### TASK OBJECTIVE:
Would you copy exactly the lines in the data below from the one that has "JanSport SuperBreak One, Black, Size" through the one that has "MF Series Thermocouple", dropping any pictures?

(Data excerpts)

━━━━

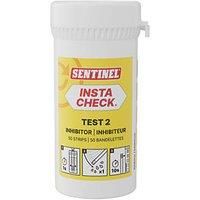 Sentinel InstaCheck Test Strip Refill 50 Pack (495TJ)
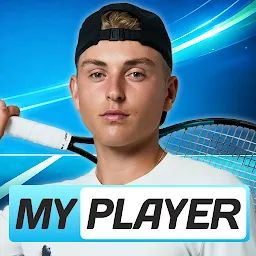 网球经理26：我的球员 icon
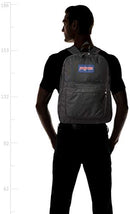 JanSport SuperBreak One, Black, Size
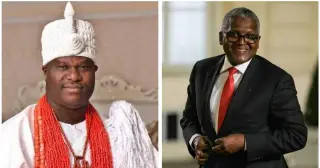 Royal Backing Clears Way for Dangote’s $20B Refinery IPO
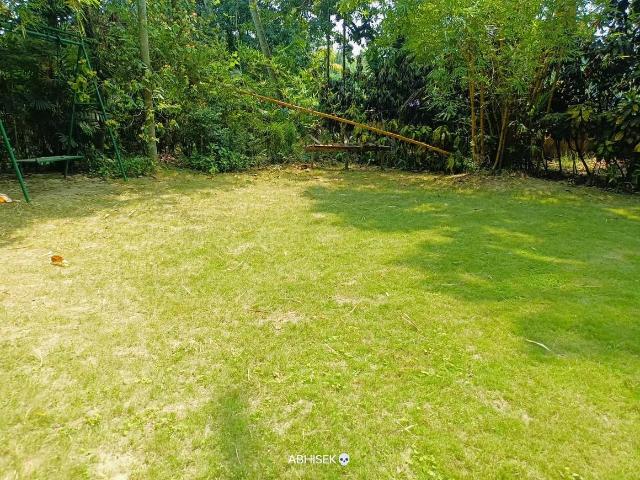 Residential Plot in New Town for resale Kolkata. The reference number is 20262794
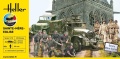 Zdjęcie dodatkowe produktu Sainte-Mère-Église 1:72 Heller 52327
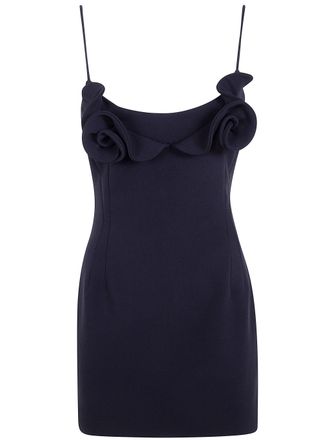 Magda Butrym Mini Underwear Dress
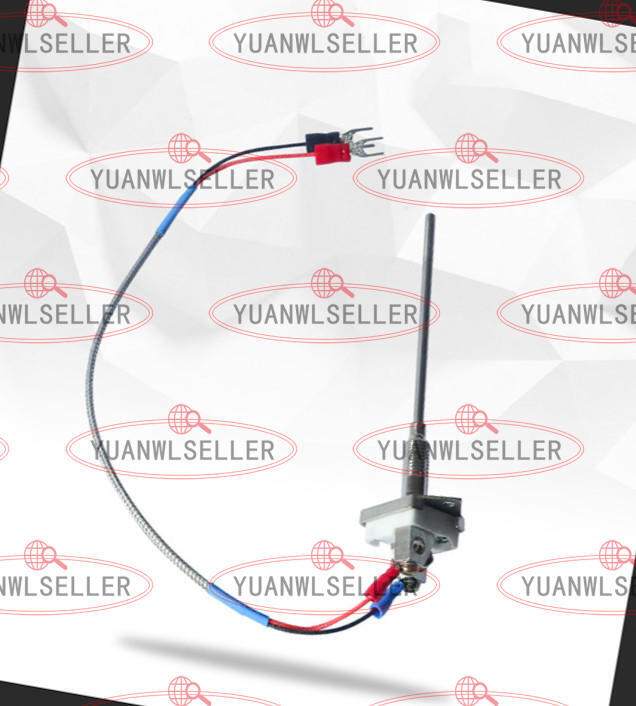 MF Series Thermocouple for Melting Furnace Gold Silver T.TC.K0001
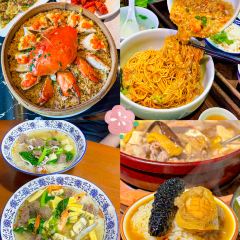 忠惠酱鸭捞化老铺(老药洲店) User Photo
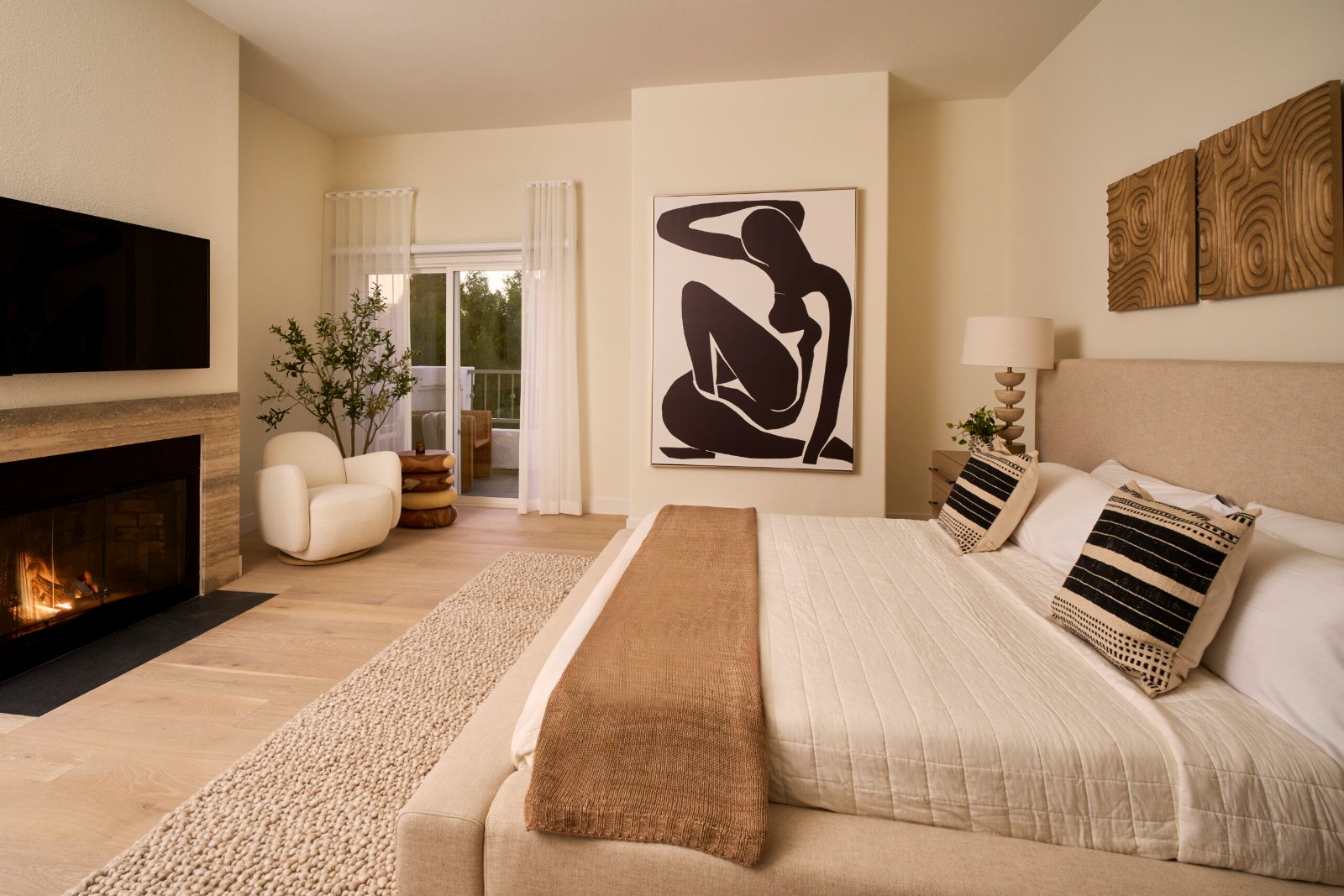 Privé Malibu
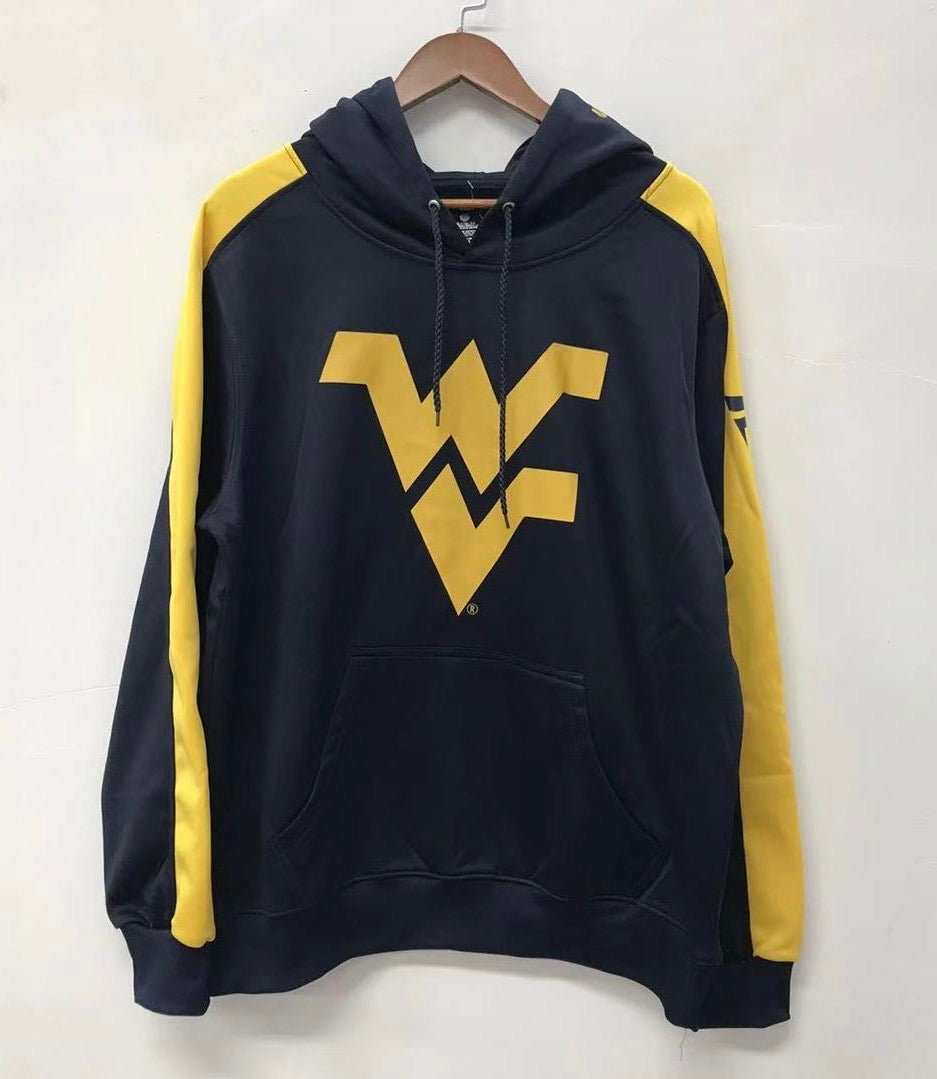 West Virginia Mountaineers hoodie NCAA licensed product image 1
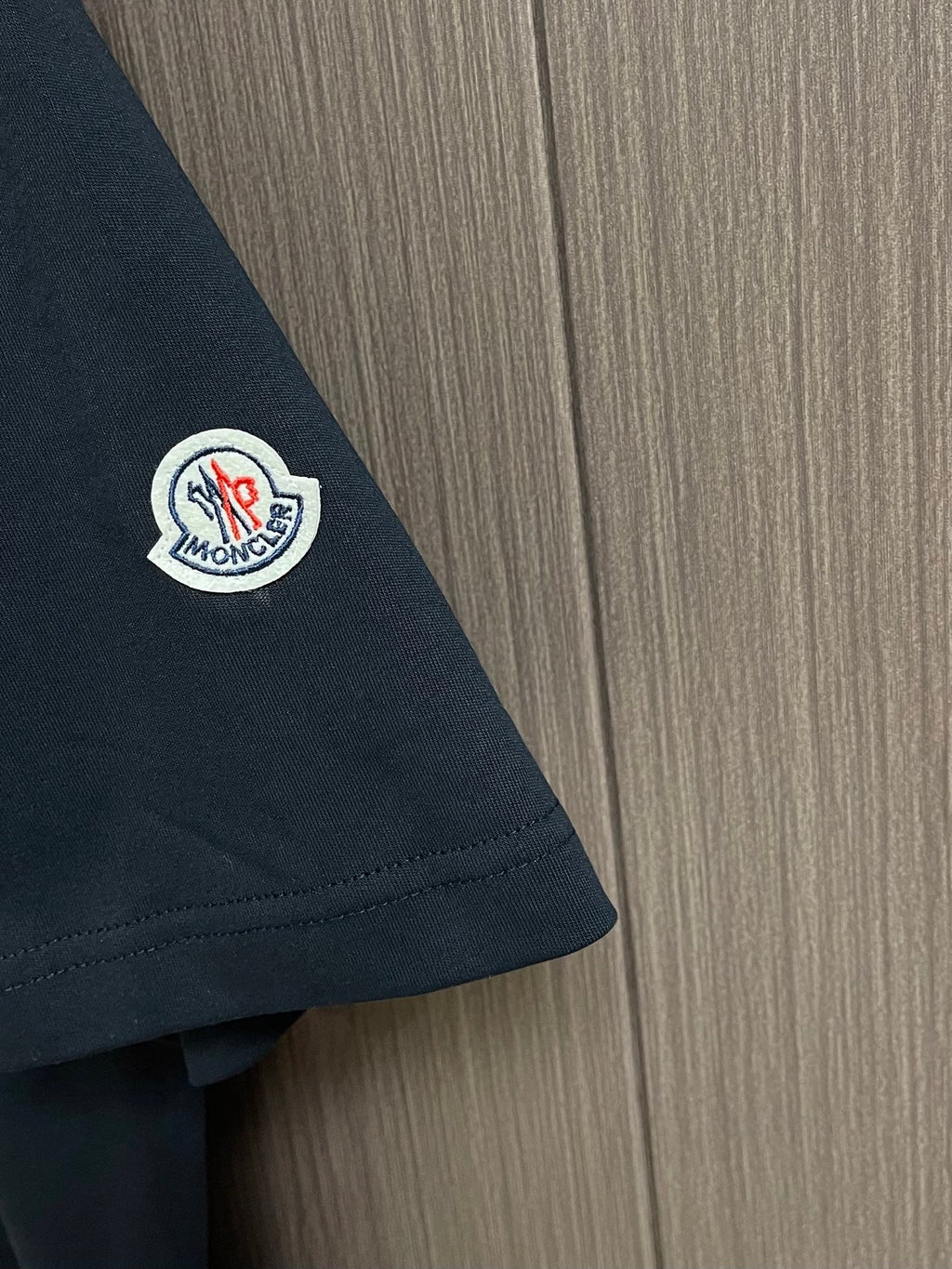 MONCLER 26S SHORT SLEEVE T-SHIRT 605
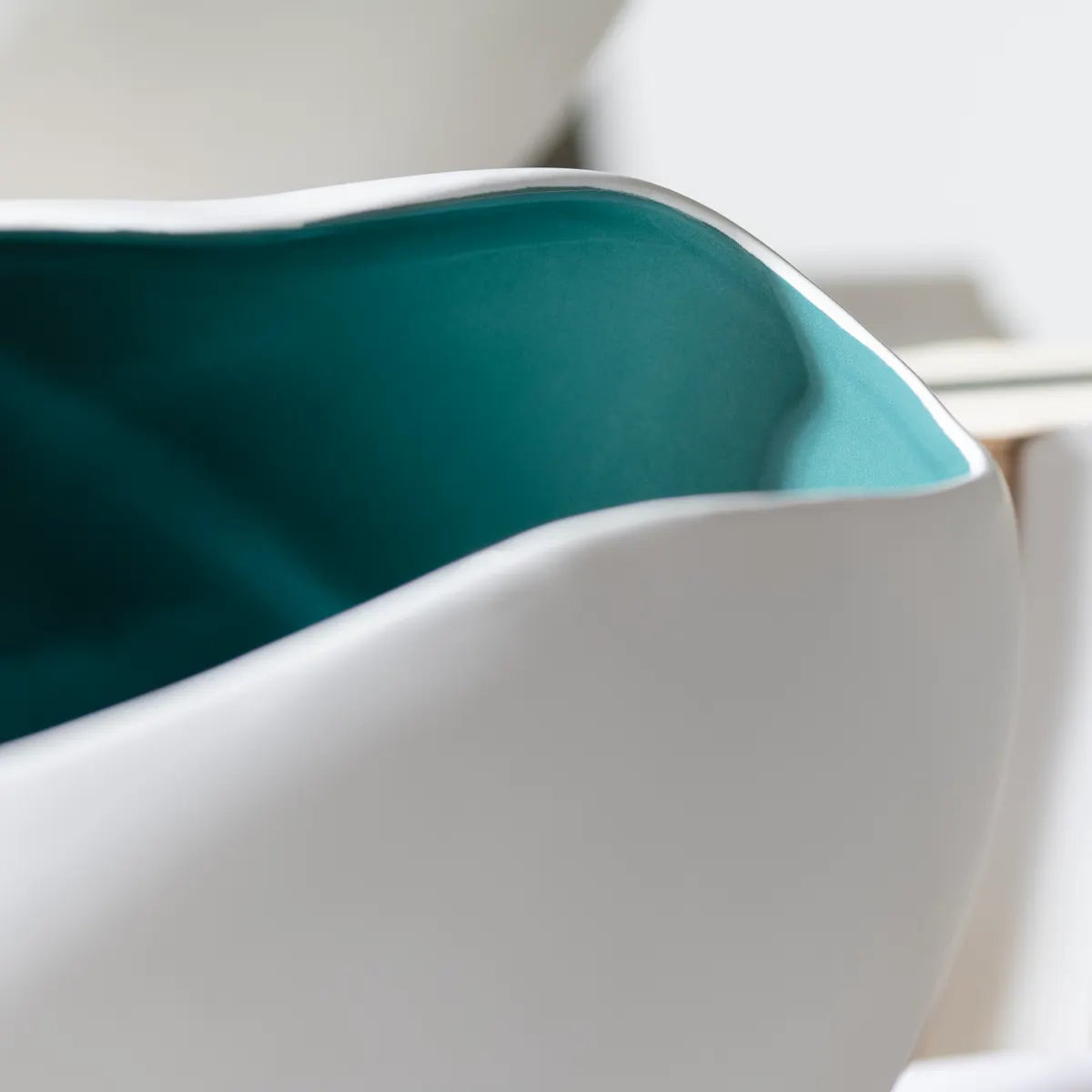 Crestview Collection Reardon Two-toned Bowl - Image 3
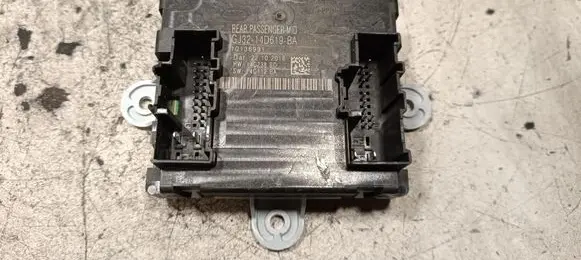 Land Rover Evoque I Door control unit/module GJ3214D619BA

━━━━

### REPLY TO THE TASK:
 JanSport SuperBreak One, Black, Size
 Royal Backing Clears Way for Dangote’s $20B Refinery IPO
 Residential Plot in New Town for resale Kolkata. The reference number is 20262794
 Zdjęcie dodatkowe produktu Sainte-Mère-Église 1:72 Heller 52327
 Magda Butrym Mini Underwear Dress
 MF Series Thermocouple for Melting Furnace Gold Silver T.TC.K0001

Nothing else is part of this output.